(Stored data entries)
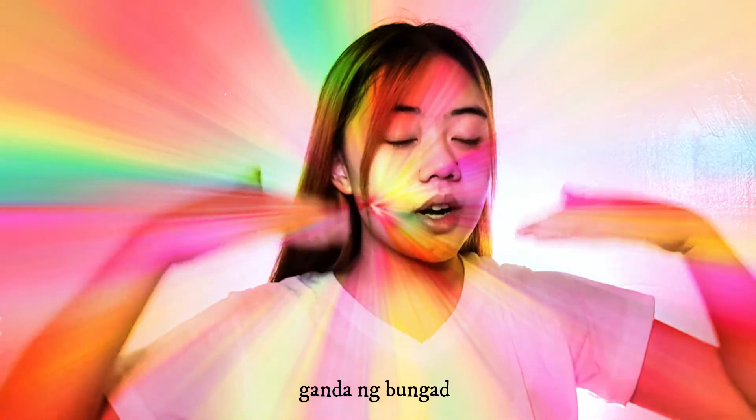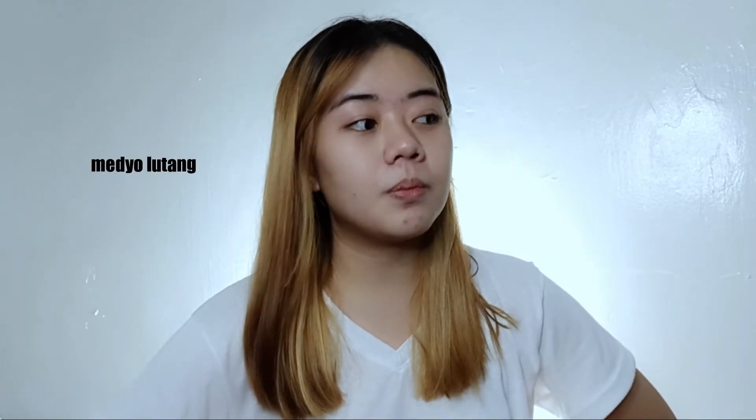So ito yung bare face ko. As you can see, ang dami ko pang pimples and pimple marks. May sugat din ako dito pero hindi to talaga pimple marks. Wala pa akong kahit anong nakalagay sa mukha ko. Makikita nyo naman meron akong mga pimple marks all around my face. This is my bare face, no makeup at all.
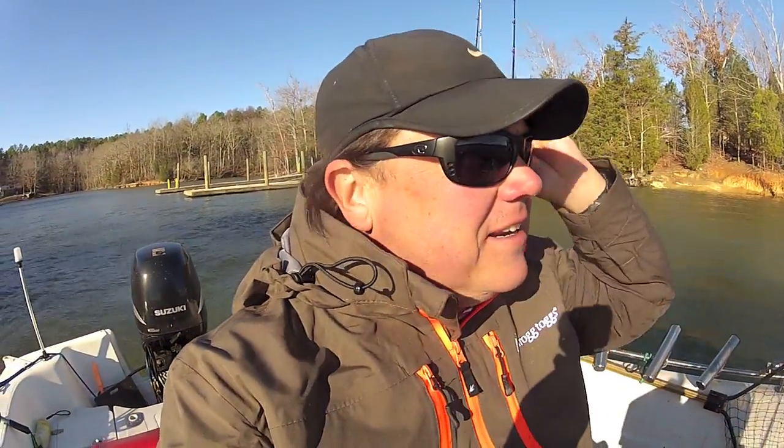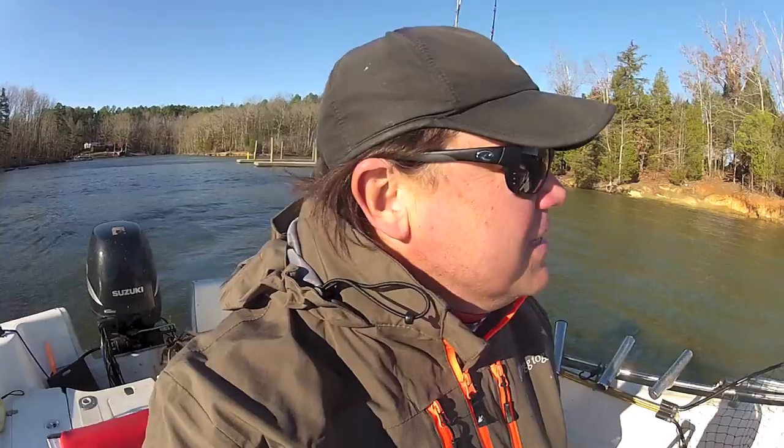At least it's not raining. Post-frontal conditions today — we had a strong storm front come through late last night. Wind is howling today. We've got some bluebird skies but it's gonna be tough fishing. We'll see if we can get on some catfish.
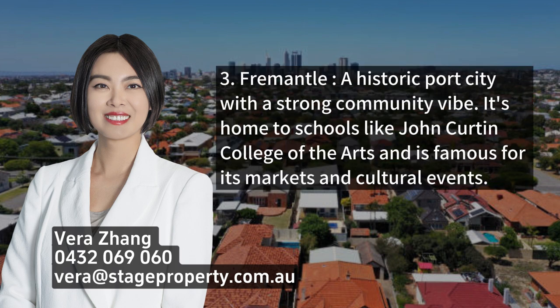3. Fremantle, a historic port city with a strong community vibe. It's home to schools like John Curtin College of the Arts and is famous for its markets and cultural events.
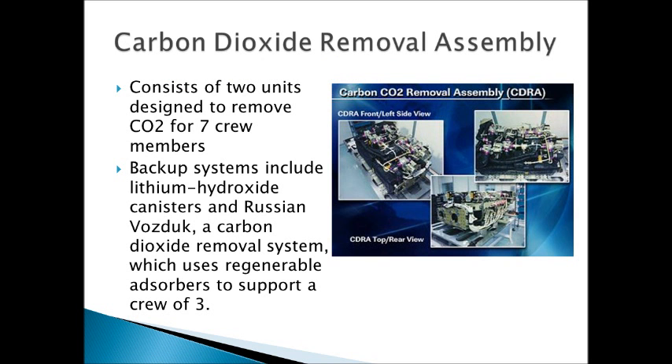Now we come to the carbon dioxide removal assembly, the CDRA for short. This consists of two units and they're designed to remove enough CO2 to support seven crew members consistently. In the case of a failure, we also have backup systems: lithium hydroxide canisters, and the Russian Vozduk, which is a similar CO2 removal system with absorbers. It's supposed to support a crew of three, but it's still good to have as a backup.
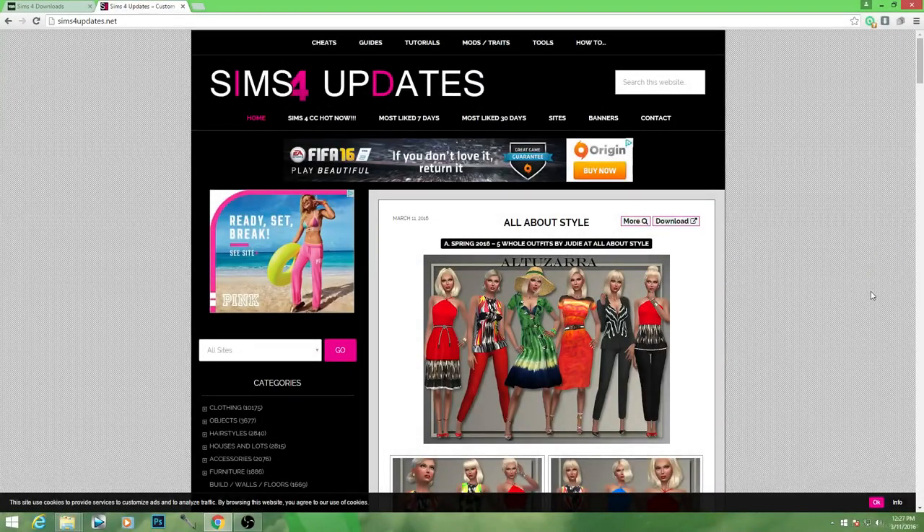Hello, my little sugarbuggas! How are you doing today? So here we are with another CC Shopping With Me video.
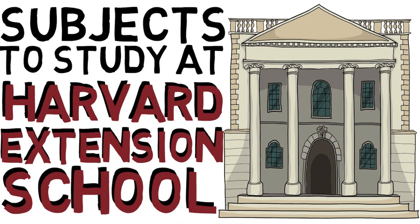Hey everyone, so in this session we're talking about subject areas or fields of study that you can actually pursue at the Harvard Extension School. We did two previous segments on the Extension School, and if you haven't checked them out, I definitely recommend that you do so — I'll link them in the description below. In this particular segment, we're going to talk specifically about some fields of study that you can pursue at both the bachelor's and master's level.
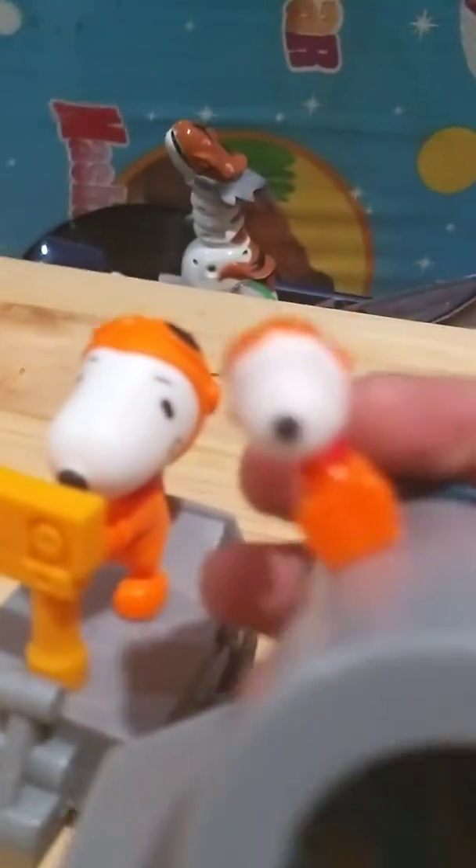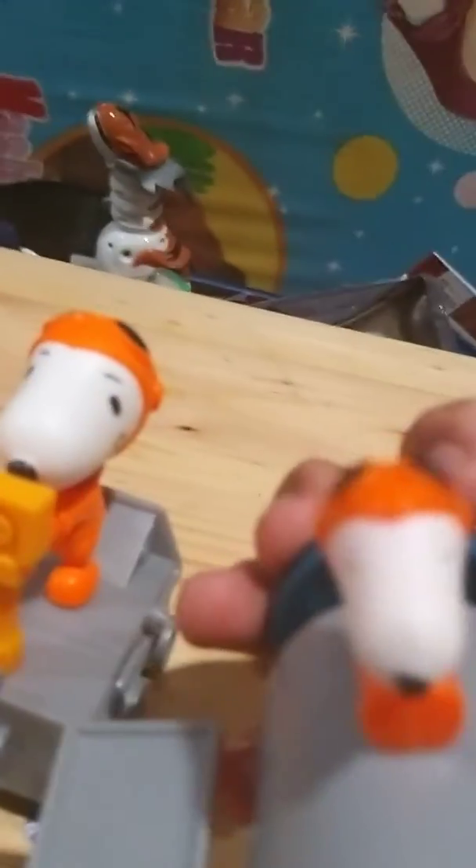So this is actually much better. The overall vehicle is not that great besides the little orange thingy, but Snoopy is actually detailed. It's a nice size comparison with the Snoopy on the satellite thingy.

• **The task**: Keeping the pictures out, print the entries above exactly as written.

• **Answer to the exercise**:
So ito yung bare face ko. As you can see, ang dami ko pang pimples and pimple marks. May sugat din ako dito pero hindi to talaga pimple marks. Wala pa akong kahit anong nakalagay sa mukha ko. Makikita nyo naman meron akong mga pimple marks all around my face. This is my bare face, no makeup at all.
At least it's not raining. Post-frontal conditions today — we had a strong storm front come through late last night. Wind is howling today. We've got some bluebird skies but it's gonna be tough fishing. We'll see if we can get on some catfish.
3. Fremantle, a historic port city with a strong community vibe. It's home to schools like John Curtin College of the Arts and is famous for its markets and cultural events.
Now we come to the carbon dioxide removal assembly, the CDRA for short. This consists of two units and they're designed to remove enough CO2 to support seven crew members consistently. In the case of a failure, we also have backup systems: lithium hydroxide canisters, and the Russian Vozduk, which is a similar CO2 removal system with absorbers. It's supposed to support a crew of three, but it's still good to have as a backup.
Hello, my little sugarbuggas! How are you doing today? So here we are with another CC Shopping With Me video.
Hey everyone, so in this session we're talking about subject areas or fields of study that you can actually pursue at the Harvard Extension School. We did two previous segments on the Extension School, and if you haven't checked them out, I definitely recommend that you do so — I'll link them in the description below. In this particular segment, we're going to talk specifically about some fields of study that you can pursue at both the bachelor's and master's level.
So this is actually much better. The overall vehicle is not that great besides the little orange thingy, but Snoopy is actually detailed. It's a nice size comparison with the Snoopy on the satellite thingy.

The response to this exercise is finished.